Auszeichnung für hessischen Polizisten in Masar-e-Sharif

31. Oktober 2012 | Themenbereich: Hessen, Polizei | Drucken

Innenminister Boris Rhein ließ es sich nicht nehmen, in Masar-e-Sharif, Andreas Manthey vom Polizeipräsidium Westhessen persönlich mit der Afghanistan-Spange in Gold zu ehren. Der 57-jährige Polizeioberkommissar erhält diese Auszeichnung für seinen insgesamt mehr als 19 monatigen Einsatz in Afghanistan. Damit würdigt der Innenminister stellvertretend für die Bundesrepublik Deutschland seine Leistungen in besonderem Maße.

„Andreas Manthey ist einer von insgesamt 60 hessischen Polizeiberaterinnen und -beratern, die seit neun Jahren freiwillig nach Afghanistan gehen, um einen wertvollen Beitrag zum Aufbau ziviler Sicherheitsstrukturen zu leisten. Ich bin stolz darauf, dass unsere Polizistinnen und Polizisten in ihrem Engagement nicht nachlassen und auch künftig weiter entscheidend zum Aufbau einer rechtsstaatlichen afghanischen Polizei beitragen“, erklärte Innenminister Boris Rhein.

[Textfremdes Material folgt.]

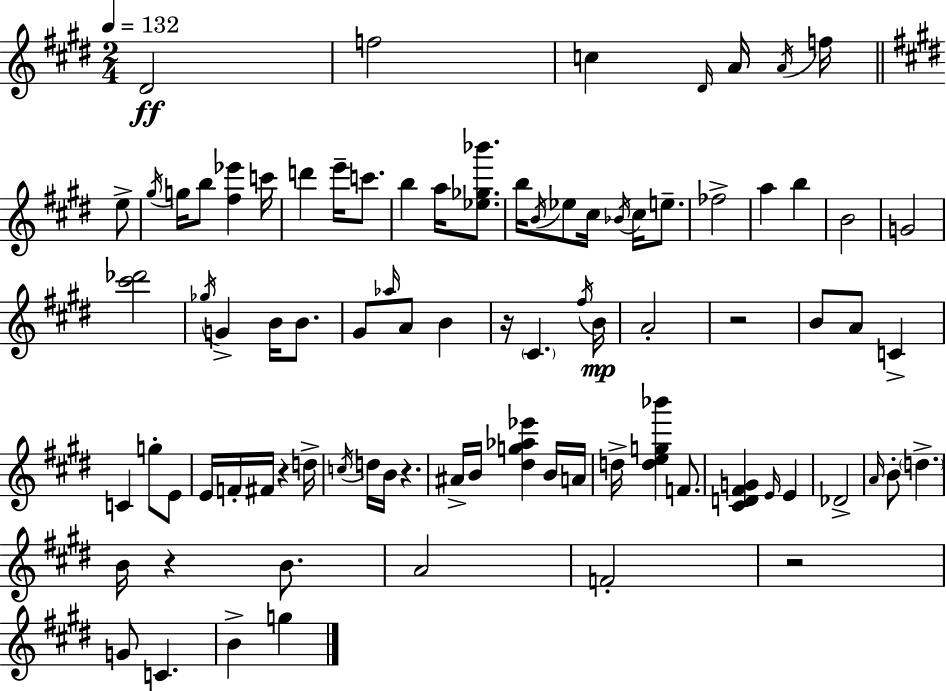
D#4/h F5/h C5/q D#4/s A4/s A4/s F5/s E5/e G#5/s G5/s B5/e [F#5,Eb6]/q C6/s D6/q E6/s C6/e. B5/q A5/s [Eb5,Gb5,Bb6]/e. B5/s B4/s Eb5/e C#5/s Bb4/s C#5/s E5/e. FES5/h A5/q B5/q B4/h G4/h [C#6,Db6]/h Gb5/s G4/q B4/s B4/e. G#4/e Ab5/s A4/e B4/q R/s C#4/q. F#5/s B4/s A4/h R/h B4/e A4/e C4/q C4/q G5/e E4/e E4/s F4/s F#4/s R/q D5/s C5/s D5/s B4/s R/q. A#4/s B4/s [D#5,G5,Ab5,Eb6]/q B4/s A4/s D5/s [D5,E5,G5,Bb6]/q F4/e. [C#4,D4,F#4,G4]/q E4/s E4/q Db4/h A4/s B4/e D5/q. B4/s R/q B4/e. A4/h F4/h R/h G4/e C4/q. B4/q G5/q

Seit Montag besuchte der Innenminister neben dem nordafghanischen Masar-e-Sharif auch hessische Polizisten in Kunduz. Insgesamt sind derzeit acht hessische Polizistinnen und Polizisten in Afghanistan im Einsatz. Während der vergangenen Tage führte Innenminister Boris Rhein zahlreiche Gespräche, auch mit politischen und militärischen Entscheidungsträgern. Letztlich fasst er seine Eindrücke wie folgt zusammen: „Es war eine richtige Entscheidung, dass ich mir vor Ort ein eigenes Bild von der Situation und dem Fortschritt des Aufbaus der Afghanischen Polizei gemacht habe. Ich verstehe jetzt aus eigener Anschauung, wie wichtig es ist, dass sich Hessen auch künftig der Verantwortung stellt und hier seinen Teil beim Aufbau stabiler Strukturen beiträgt. Wer möchte, dass in Afghanistan eine rechtsstaatliche Polizei entsteht und arbeitet, der lässt sie am besten durch eine Polizei ausbilden, die diesen Zielen verpflichtet ist und das ist die deutsche Polizei in besonderem Maße“, erklärte Innenminister Boris Rhein.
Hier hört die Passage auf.